Davacı, dava dilekçesinde uyuşmazlık konusu mesken bakımından 10.000 TL katkı payı alacağına hükmedilmesini istemiş; 25.3.2010 tarihli ıslah dilekçesiyle talep 40.000 TL"ye çıkarılmıştır. Bu halde mesken bakımından hesaplanan 26.667 TL katkı payı alacağına davanın harçlandırıldığı tarih ve ıslah tarihinden itibaren kademeli olarak faiz yürütülmesi gerekirken tümüne dava tarihinden itibaren faize hükmedilmesi doğru değildir.

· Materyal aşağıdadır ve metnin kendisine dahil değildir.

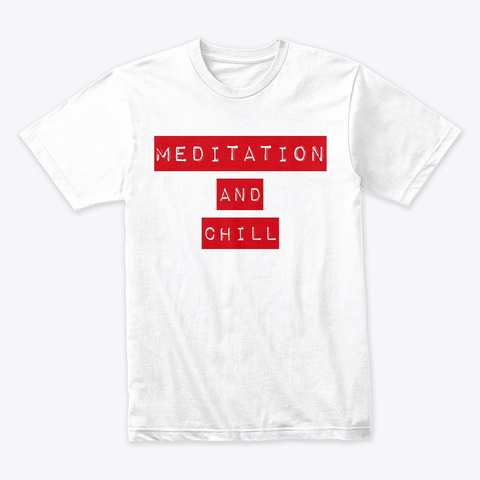 Meditation And Chill  White T-Shirt Front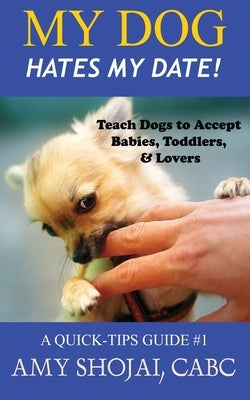 My Dog Hates My Date! Teach Dogs to Accept Babies, Toddlers and Lovers by Shojai, Amy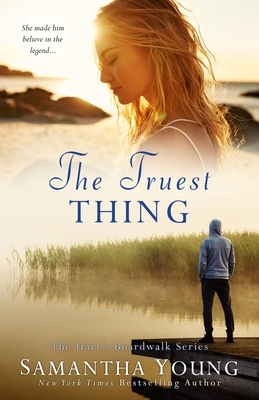 The Truest Thing (Hart's Boardwalk #4) by Samantha Young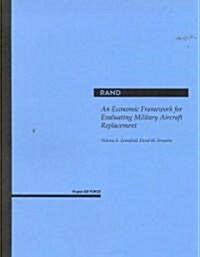 An Economic Framework for Evaluating Military Aircraft Replacement (Paperback)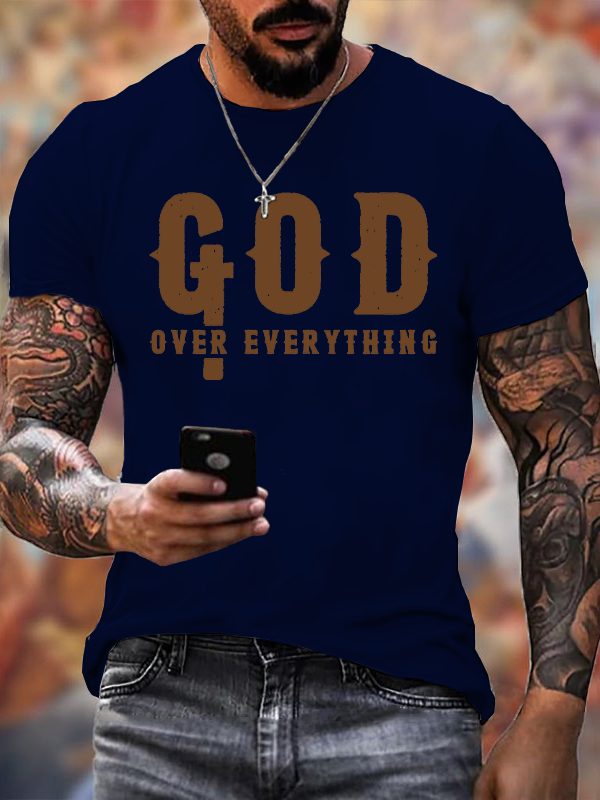 God over Everything Jesus God Christian Cotton T-Shirt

Bundan ayrı, mevduata yönelik katılma alacağı olarak hesaplanan 3443 TL"lik bölümün TMK.nun 239. maddesinin 3. fıkrasına göre hüküm tarihinden itibaren faiziyle tahsiline karar verilmesi gerekirken, faizin başlangıç tarihinin hatalı alınması da doğru olmamıştır.
Yukarıda açıklanan nedenlerle davalı-karşı davacının temyiz itirazlarının kabulüyle usul ve yasaya aykırı bulunan hükmün faizin başlangıç tarihine ilişkin bölümünün 6100 sayılı HMK.nun Geçici 3. maddesi yollamasıyla 1086 sayılı HUMK.nun 428. maddesi gereğince BOZULMASINA ve aşağıda dökümü yazılı 444,15 TL peşin harcın onama harcına mahsubu ile kalan 1.344,38 TL"nin temyiz eden davalı-karşı davacıdan alınmasına 19.04.2012 tarihinde oybirliğiyle karar verildi.